We assume that $w$ is in general position; any problematic cases can be disposed of with continuity. Following the algorithm for the decomposition suggests considering the functions $$ f_+(z) = \wp(z+w)+\wp(z-w), \qquad f_-(z) = \wp(z+w)-\wp(z-w), $$ which are even and odd qua functions of $z$. Both have double poles at $z=\pm w$ as their only singularities, and hence have order $4$.

Looking first at $f_-$, we know that it has a simple zero at $z=0$. The other three zeros are found at $z=\omega_i/2$, where $\omega_i \in \Lambda$ and $\omega_3=-\omega_1-\omega_2$, because $\wp(\omega_i/2+w) = \wp(-\omega_i/2-w) = \wp(\omega_i/2-w)$ using evenness and periodicity. Hence $f_-/\wp'$ has a quadruple zero at $0$, the double poles at $\pm z$ we mentioned before, and no others. Therefore $$ \frac{f_-(z)}{\wp'(z)} (\wp(z)-\wp(w))^2 $$ has no poles, since the zeros in the bracket cancel with those at $\pm w$, while the bracket's quadruple pole at zero is cancelled by the quadruple zero at zero of the fraction.
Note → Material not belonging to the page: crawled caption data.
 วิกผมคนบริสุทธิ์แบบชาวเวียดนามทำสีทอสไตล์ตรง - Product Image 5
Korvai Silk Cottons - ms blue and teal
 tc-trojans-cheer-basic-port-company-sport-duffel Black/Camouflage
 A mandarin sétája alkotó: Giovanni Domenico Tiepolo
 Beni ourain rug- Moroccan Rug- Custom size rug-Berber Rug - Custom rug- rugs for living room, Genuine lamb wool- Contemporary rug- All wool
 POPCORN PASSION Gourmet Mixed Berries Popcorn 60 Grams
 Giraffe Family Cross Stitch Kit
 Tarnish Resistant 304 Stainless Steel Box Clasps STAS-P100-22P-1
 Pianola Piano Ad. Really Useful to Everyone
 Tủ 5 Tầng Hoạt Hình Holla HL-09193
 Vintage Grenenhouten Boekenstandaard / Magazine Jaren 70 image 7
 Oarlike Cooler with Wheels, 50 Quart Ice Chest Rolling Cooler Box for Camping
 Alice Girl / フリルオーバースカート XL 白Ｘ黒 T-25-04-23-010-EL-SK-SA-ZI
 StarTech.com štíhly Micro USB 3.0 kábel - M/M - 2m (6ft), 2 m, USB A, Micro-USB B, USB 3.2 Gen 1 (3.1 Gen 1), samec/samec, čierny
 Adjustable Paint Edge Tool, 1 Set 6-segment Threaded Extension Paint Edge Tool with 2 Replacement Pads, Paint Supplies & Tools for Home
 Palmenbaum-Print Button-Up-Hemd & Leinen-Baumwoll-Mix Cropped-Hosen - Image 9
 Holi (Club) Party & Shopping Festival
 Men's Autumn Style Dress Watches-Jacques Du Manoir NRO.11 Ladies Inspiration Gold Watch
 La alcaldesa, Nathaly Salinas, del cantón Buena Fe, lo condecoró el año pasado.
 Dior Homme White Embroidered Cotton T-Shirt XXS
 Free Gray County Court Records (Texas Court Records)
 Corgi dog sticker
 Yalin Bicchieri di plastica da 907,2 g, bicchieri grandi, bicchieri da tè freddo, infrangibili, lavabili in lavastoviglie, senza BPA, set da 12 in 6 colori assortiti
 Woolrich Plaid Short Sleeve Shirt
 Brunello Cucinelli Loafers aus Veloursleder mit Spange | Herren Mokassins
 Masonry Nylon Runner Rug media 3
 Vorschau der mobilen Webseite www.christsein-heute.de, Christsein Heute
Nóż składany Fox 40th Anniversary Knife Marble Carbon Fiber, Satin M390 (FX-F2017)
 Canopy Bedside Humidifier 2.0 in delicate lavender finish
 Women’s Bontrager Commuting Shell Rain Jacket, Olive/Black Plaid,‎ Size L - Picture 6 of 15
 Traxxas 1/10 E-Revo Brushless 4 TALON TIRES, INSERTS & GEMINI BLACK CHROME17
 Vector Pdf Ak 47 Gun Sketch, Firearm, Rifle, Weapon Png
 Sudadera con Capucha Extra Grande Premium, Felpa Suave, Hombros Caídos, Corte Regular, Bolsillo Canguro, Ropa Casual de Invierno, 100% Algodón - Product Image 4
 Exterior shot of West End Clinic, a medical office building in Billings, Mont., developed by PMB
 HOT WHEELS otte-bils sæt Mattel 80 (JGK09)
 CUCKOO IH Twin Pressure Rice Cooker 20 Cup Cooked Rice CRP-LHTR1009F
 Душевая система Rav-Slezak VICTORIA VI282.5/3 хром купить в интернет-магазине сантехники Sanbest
Hence this function is constant; we can expand at $z=0$ to find that the constant is $-\wp'(w)$, so $$ f_-(z) = - \frac{\wp'(z)\wp'(w)}{(\wp(z)-\wp(w))^2}. $$

The same idea works for $f_+$, but I can't find a simple way of doing the computation, because the zeros are difficult to find a priori: note that $f_+(z)(\wp(z)-\wp(w))^2$ has only a quadruple pole at $z=0$, so it can be written as a quadratic in $z^2$. Expanding $$ f_+(z)(\wp(z)-\wp(w))^2 = A\wp(z)^2 + B\wp(z) +C $$ about $z=0$ up to $O(1)$ and equating coefficients gives expressions for the coefficients in terms of $\wp(w)$, $\wp''(w)$, $\wp^{(4)}(w)$ and $g_2$, and differentiating $\wp'^2=4\wp^3-g_2\wp-g_3$ once and thrice gives expressions for the derivatives, leading to $$ f_+(z) = \frac{(\wp(z)+\wp(w))(2\wp(z)\wp(w)-g_2/2)-g_3}{(\wp(z)-\wp(w))^2}. $$ Using the differential equation and polynomial division, the right-hand side can be massaged into the form $$ -2\wp(z)-2\wp(w) + \frac{\wp'(z)^2+\wp'(w)^2}{2(\wp(z)-\wp(w))^2}. $$ Using the formula $\wp(z)=(f_+(z)+f_-(z))/2$ then gives the addition formula.